# [Work request]
Nothing may be left out of the listing below but its images; repeat the rest exactly.

[[ Data shown open ]]

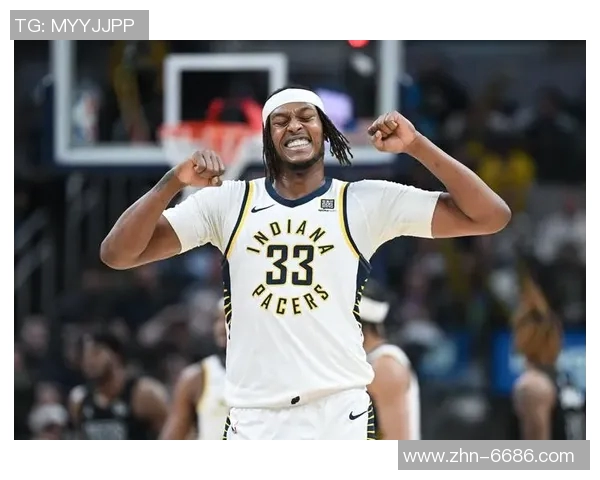 特纳今夏渴望2500万年薪步行者报价却低于2200万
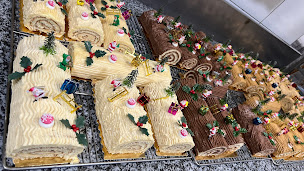 Photo n°10 de Artisan Boulanger Au Fournil Royal à Noisy-le-Sec (Boulangerie)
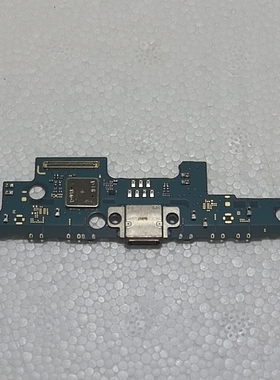 适三星Tab S9 X710//X716平板电脑原装尾插USB充电口小板维修更换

[[ Data shown closed ]]

# [Task answer]
 特纳今夏渴望2500万年薪步行者报价却低于2200万
 Photo n°10 de Artisan Boulanger Au Fournil Royal à Noisy-le-Sec (Boulangerie)
 适三星Tab S9 X710//X716平板电脑原装尾插USB充电口小板维修更换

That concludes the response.